Turning our hearts away from the LORD lands us in a barren wilderness with no hope for the future. Believing Him and trusting His promises, Peter writes, is what enables us to escape that wilderness and actually enter into the life God has promised us (2 Peter 1:4). The next verses in Jeremiah 17 describe the secure and fruitful life of those who put all their hope and confidence in God. Where is my heart, my hope, my confidence?
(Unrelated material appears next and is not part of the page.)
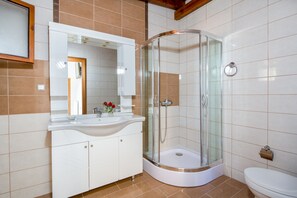 Villa Premium - 3 sovrum - intill bergen | Badrum | Djupt badkar, duschhuvud med massagefunktion, hårtork och handdukar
If I put my faith journey into a very simple timeline it would be this: First, I believed being a Christian was all about what I did—I must live up to God’s standards. Then, I learned through painful lessons that we can never be good enough and it’s only God’s grace that makes us His children. And now, I’m concentrating on living my inheritance, believing and living the promises God gives His children. I want to know all those promises. I want to move into that house He’s promised me. I have no desire to wander in the wilderness with His promises unfulfilled.

I believe it’s a matter of turning my heart. Where does my heart turn? May it always turn to God’s promises and His unfailing love and care.

 Come, let us worship and bow down.
Let us kneel before the LORD our maker,
for He is our God.
We are the people He watches over,
the flock under His care.
If only you would listen to His voice today!
Psalm 95:6-7

If only we would listen to His voice today!